Traditional directed evolution relies on the experimenter laboriously creating new generations of candidate molecules, performing a selection by hand, extracting the DNA of the best performers, and repeating the cycle. Because directed evolution is most effective over many generations, the time and labor costs are significant and typically limit experiments to only a handful of cycles.
During phage-assisted continuous evolution (PACE), we harness the fastest-evolving replicator in nature, the bacteriophage, to continuously evolve proteins or nucleic acids toward desired functions in vivo. We link the phage's ability to reproduce to the desired molecular activity by moving a gene required for phage infection (gene III) from the phage genome into the host cell and replacing it with the gene(s) we want to evolve. We then engineer the host cell to produce the missing phage protein (pIII) in proportion to the desired activity.

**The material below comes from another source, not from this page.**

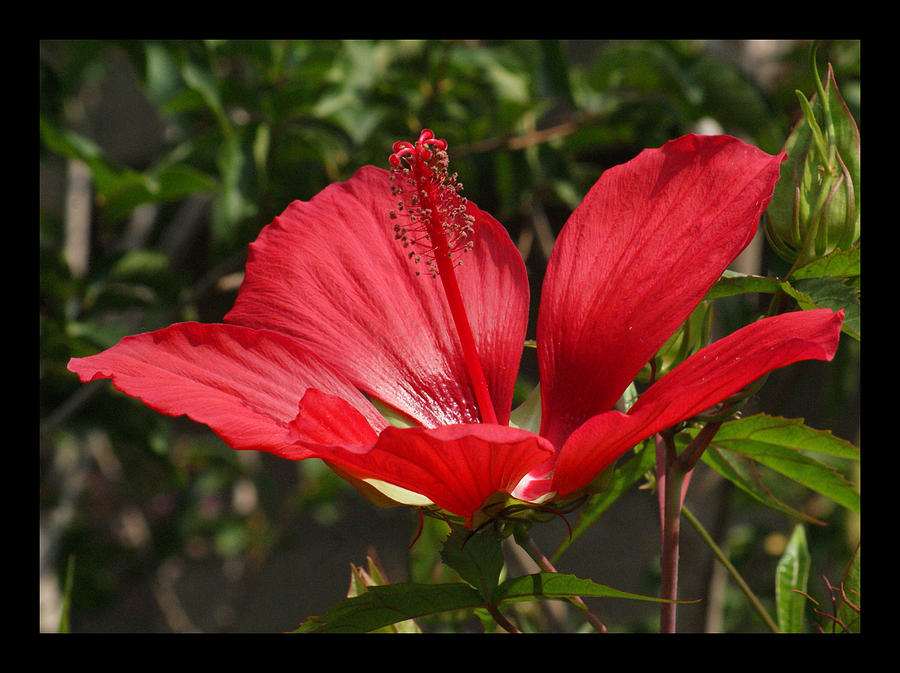 Flowers Still Life Photograph - Hibiscus My Valentine by M Three Photos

When grown in a continuous culture apparatus, the phages compete to optimize the function of the gene(s) to be evolved in order to maximize the amount of phage protein produced, and thus their own fitness. Due to the speed of the phage life cycle, automated evolution occurs dozens of times faster than alternative methods and is readily performed in parallel.
Importantly, cells in PACE are merely transient replication factories for the evolving phage population. All host cells flow through the evolution vessel - termed a "lagoon" - faster than they can divide. This prevents the cellular genome from evolving or otherwise interfering with the experiment, and also allows us to diversify the phage population by increasing the mutation rate higher than the bacteria can tolerate.

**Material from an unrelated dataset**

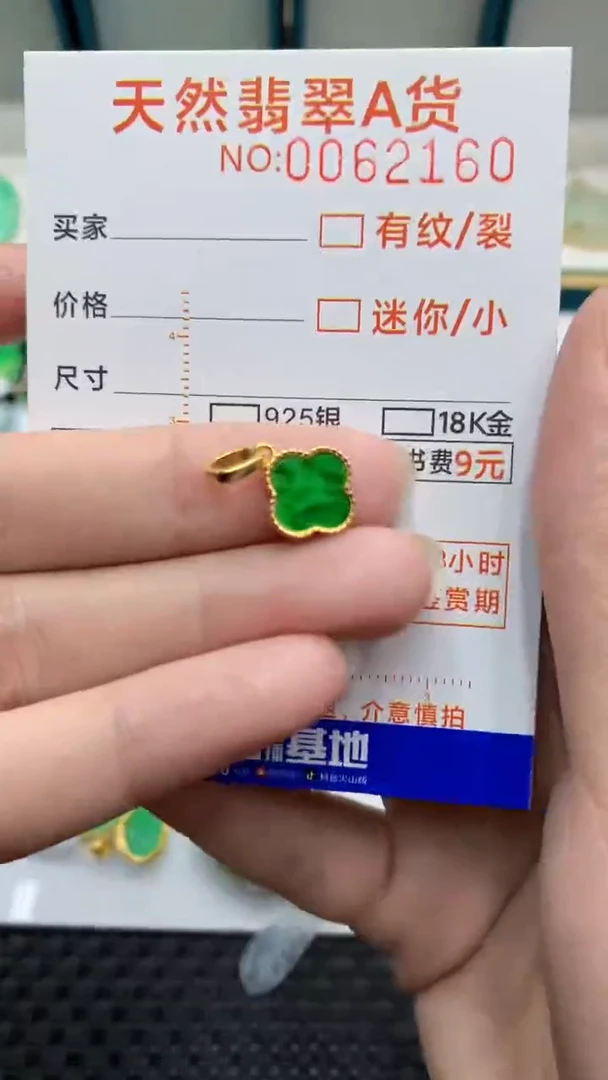 【闪购商品】翡翠颈饰银S925镶嵌            8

In David Liu's laboratory, I initially used PACE to generate polymerase variants capable of recognizing distinct promoters and initiating with alternative bases. Each evolution required less than one week of PACE. More recently, we developed and applied a method to experimentally measure the extent of protein evolutionary convergence and reproducibility at the genetic and phenotypic levels over hundreds of generations.

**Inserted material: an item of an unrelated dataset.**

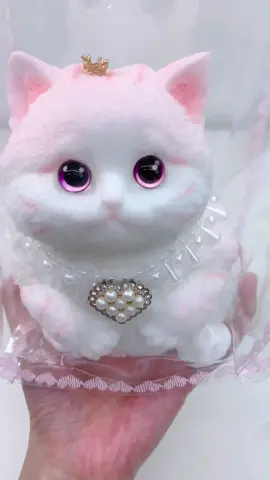 FUFUSQUISHY ASMR 🐈🐈Giant Pink Cat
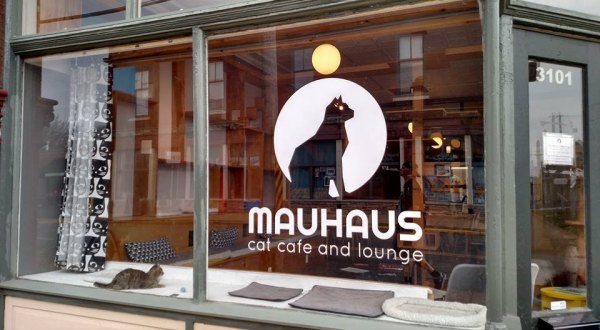 Mauhaus Cat Café & Lounge Is A Completely Cat-Themed Catopia Of A Cafe In Missouri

A second key challenge is to understand the factors influencing evolutionary outcomes. To investigate the importance of path-dependence and stochasticity, we programmed PACE to evolve initially identical populations of phage encoding T7 RNA polymerase towards different intermediate activities, then converge towards a shared final activity. Multiple populations were evolved along each path. We found that protein evolution is highly path-dependent and infrequently reproducible. Independent populations are less likely to become trapped at local fitness peaks, experimentally validating Sewall Wright's hypothesis of 80 years ago.